I don't have any sample that can produce this error. But if i understand correctly then the bufferSize is set inside the footer of the ORC file. Maybe for some reason, the bufferSize is incorrect in the footer.
Can you help me to checkout this branch add-fetch-filemetainfo, build again and then fetch reader.fileMetaInfo and paste me back the information. A sample output would be
{u'metadataSize': u'250', u'compressionType': u'ZLIB', u'writerVersion': u'1', u'versionLists': u'
[0, 12]', u'bufferSize': u'10000'}
This info will help me to debug further into the problem.

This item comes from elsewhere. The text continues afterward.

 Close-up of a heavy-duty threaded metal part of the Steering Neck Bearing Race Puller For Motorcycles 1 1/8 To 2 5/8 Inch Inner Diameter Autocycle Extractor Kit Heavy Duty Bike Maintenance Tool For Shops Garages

I used the orc tools and got this
➜ src git:(master) ./orc-metadata ../../../../../python-orc/dt=2017-05-14_os=android_part=000004_0
{ "name": "../../../../../python-orc/dt=2017-05-14_os=android_part=000004_0",
"type": "struct<log_id:string,mhotelid:string,city_id:string,city_name:string,city_name_en:string,province_id:string,province_name:string,province_name_en:string,m_city_id:string,m_province_id:string,log_type:string,uid:string,source:string,os_version:string,card_number:string,user_name:string,user_ip:string,appid:string,user_agent:string,trace_id:string,latitude:string,longitude:string,carrier:string,userinfo_channel:string,level:string,model:string,brand:string,orderid:string,proxyid:string,caller_attr_channel:string,economic_hotel:string,fast_filter_keywords:string,mhotel_ids:string,return_has_xianfu_hotel:string,return_has_yufu_hotel:string,hotel_brand_id:string,only_limitime_sale:string,facility_ids:string,theme_ids:string,star_rates:string,district_id:string,district_type:string,price_pair:string,payment_methods:string,nearby:string,poi_id:string,region_id:string,check_in:string,check_out:string,id:string,executetime:string,keywords:string,setkeywords:string,setbrandid:string,setstarrates:string,inner_search_type:string,hotel_group_id:string,sorting_method:string,setfilterattr:string,mrankflag:string,mranktype:string,setnearby:string,setfastfilter_attr:string,setpoi_id:string,sethotel_group_id:string,response_mhotelids:array<string>,setprice_pair:string,star_ratessize:string,facility_idssize:string,setdistrict_type:string,settheme_ids:string,setdistrict_id:string,settrace_id:string,pageindex:string,pagesize:string,recreqattrtype:string,ifun:string,crawled_flag:string,geo_type:string,activity_flag:string>",
"rows": 1149130,
"stripe count": 3,
"format": "0.12", "writer version": "original",
"compression": "zlib", "compression block": 262144,
"file length": 116043721,
"content": 116041038, "stripe stats": 3599, "footer": 2549, "postscript": 23,
"row index stride": 10000,
"user metadata": {
},
"stripes": [
{ "stripe": 0, "rows": 575000,
"offset": 3, "length": 57272824,
"index": 72291, "data": 57198680, "footer": 1853
},
{ "stripe": 1, "rows": 510000,
"offset": 57272827, "length": 51277701,
"index": 64624, "data": 51211228, "footer": 1849
},
{ "stripe": 2, "rows": 64130,
"offset": 108550528, "length": 7490510,
"index": 12819, "data": 7475943, "footer": 1748
}
]
}
Using the new branch, I got this.
In [1]: from orcreader import OrcReader
...: reader = OrcReader('dt=2017-05-14_os=android_part=000004_0')
...: reader.open()
...:
In [2]: reader.fileMetaInfo
Out[2]: {u'metadataSize': u'3599', u'compressionType': u'ZLIB', u'writerVersion': u'0', u'versionLists': u'[0, 12]', u'bufferSize': u'262144'}
Yeah. The reader by default will use the blockSize from the metadata, which is "compression block": 262144
The possible option is to manually override the blockSize. I will work on this later today.